One of the trickiest attributes of the Orion Nebula to observe is color; our eyes do a poor job of discerning color when light levels are low. The vibrant crimson so obvious in pictures of M42 is the spectral hue emitted by the nebula’s huge stores of energized hydrogen. Yet Night Sky columnist Sue French notes that in many backyard telescopes “the bright mist holding the Trapezium is mottled with sea-green luminescence.” Green is the color emitted by oxygen ions — superheated oxygen atoms that have lost some of their electrons. Oxygen exists in M42, and our eyes are much more sensitive to green light than to red light.

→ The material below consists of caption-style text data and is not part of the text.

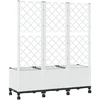 Sodo vazonas su treliu ir ratais Balta 120 x 40 x 146 cm PP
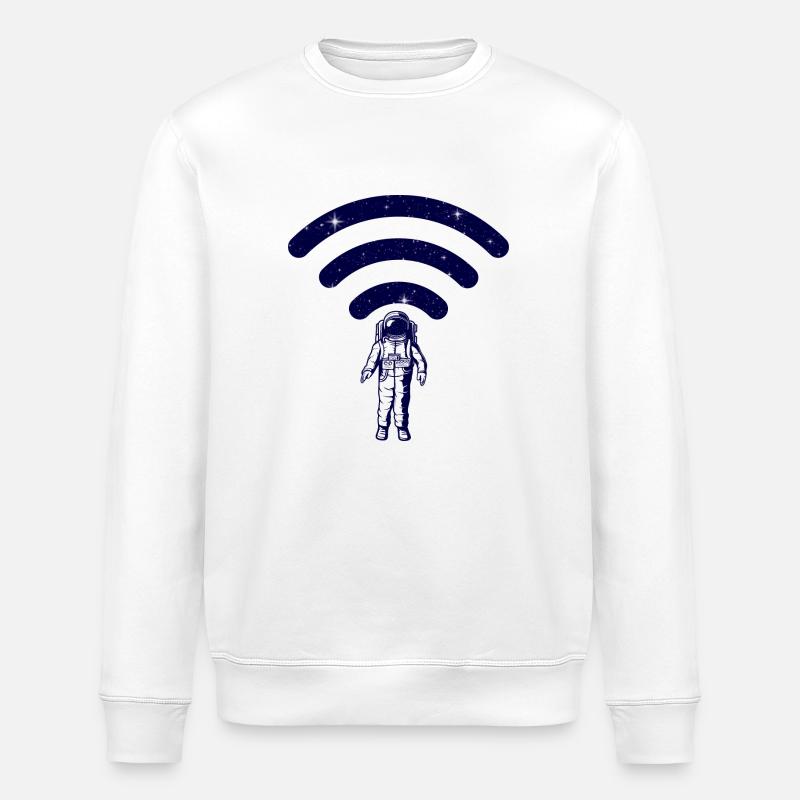 Astronauten-WLAN-Bereich - Stanley/Stella Unisex Bio-Sweatshirt ROLLER - Weiß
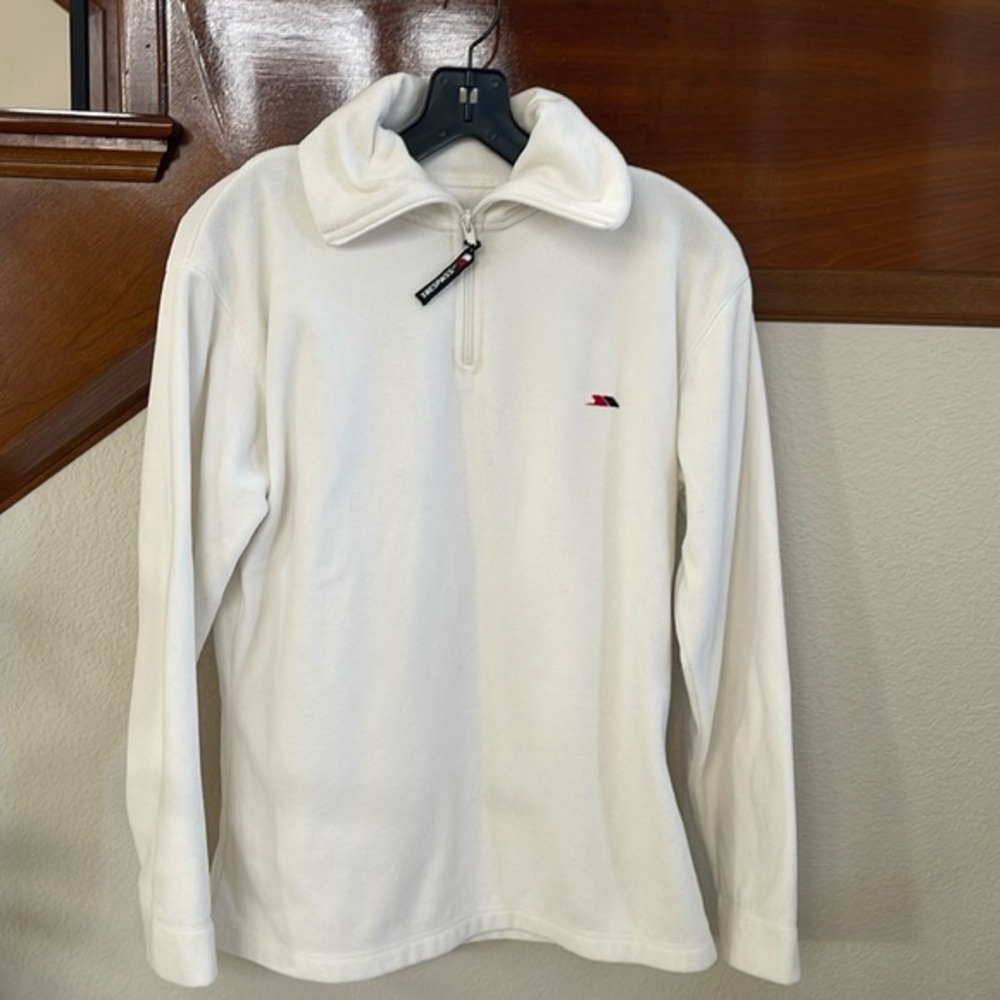 Fleece Off White Long Sleeve Top Large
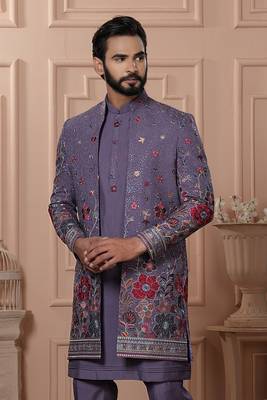 Lavender open indowestern for men  2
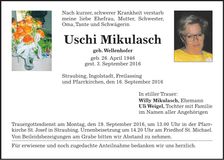 Traueranzeige Uschi Mikulasch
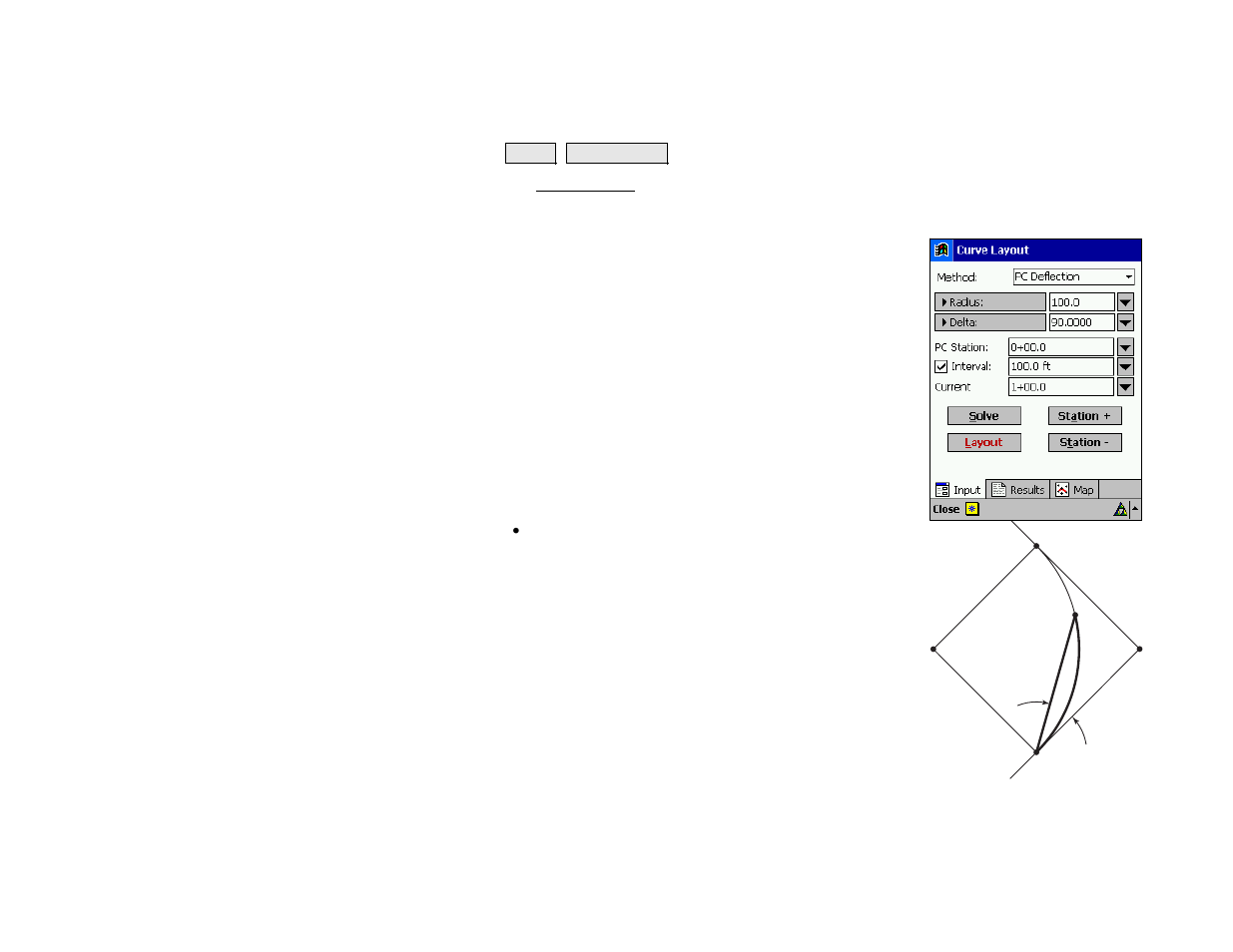 Curve layout curve layout, Curve layout | Spectra Precision Survey Pro v4.5 Recon and Nomad Reference Manual User Manual | Page 386 / 469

Even so, the Trapezium region appears edged with rust when I view it with my 10-inch scope, and some observers report seeing hints of red through apertures as small as 6 inches. Others, however, see the nebula only in shades of gray. The next clear night, gaze at the Orion Nebula intently. What colors do you see?

Orion’s Myriad Wonders

If all this isn’t satisfying enough, the fuzzy midpoint of Orion’s Sword offers two deep-sky objects for the price of one. A rift of dusty material at the base of the Fish’s Mouth separates M42 from a dimmer nebula to the north. This more modest object, visually speaking, is a second blister within the Orion Molecular Cloud, and it has a separate designation — M43 (Messier 43). In small telescopes it’s a faint round glow enveloping a bright star. Larger scopes used at moderately high magnifications will show that M43 is shaped like a fat apostrophe or comma.

You’ll find yet more goodies if you poke around Orion’s Sword. Below (south of) M42 is blue-white Iota Orionis, the Sword’s brightest star. Iota has a faint companion visible with modest magnification. The half dozen or so stars around Iota Orionis form a ragged cluster.

Above (north of) M42 is a line of three stars embedded in a small, ghostly nebula that I can just make out with my 4-inch under suburban skies (see the first photo for its pale blue glow, starlight scattered by dust grains). And just above that is a loose but obvious star cluster called NGC 1981. A wide-field instrument will show all these extras in a single breathtaking view.

Take my word for it: M42 and its attendant wonders in Orion’s Sword are celestial landmarks you’ll want to visit again and again.